– ¿Qué tal te ha ido hoy, cariño? ¿A mí? Bueno, nada del otro mundo. Acabo de ver cómo destripaban y mataban a golpes a dos mujeres.
No, la verdadera razón por la que no se lo había contado a Greg era porque su marido habría enloquecido. La habría apremiado para que dejara su trabajo o, peor aún, para que trabajara únicamente en el laboratorio, examinando la sangre y las tripas con ayuda de un microscopio, lejos del peligro. Ya había puesto el grito en el cielo en una ocasión, cuando le contó los detalles de un caso, y no había vuelto a hablarle de su trabajo. A él no parecía importarle la falta de comunicación; ni siquiera reparaba en su ausencia en la cama por las noches, cuando daba vueltas por la casa para desterrar las imágenes, para aplacar los gritos que todavía reverberaban en su cabeza.
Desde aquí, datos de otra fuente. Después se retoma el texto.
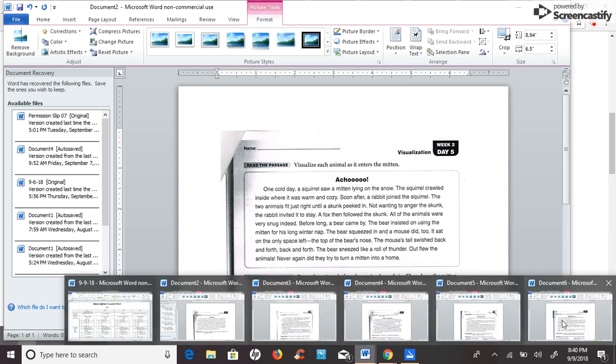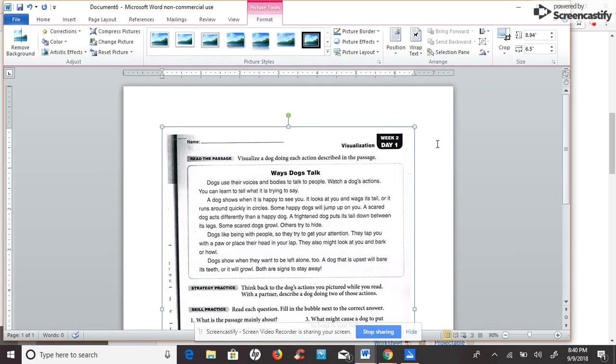Hi, today we are on week two, day one, and this week we are going to be using the visualization strategy.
La falta de intimidad con su marido le permitía guardar para sí las cicatrices, físicas y mentales.
– ¿Maggie?
– Necesito seguir trabajando, Kyle. Por favor, no me quites eso -mantuvo la voz firme, dando gracias porque el temblor quedara confinado a sus manos y al estómago. ¿Detectaría Kyle su vulnerabilidad, de todas formas? Identificaba a criminales leyendo entre líneas, ¿cómo esperaba poder engañarlo?
Se hizo el silencio, y Maggie cubrió el micrófono para que no oyera su respiración agitada.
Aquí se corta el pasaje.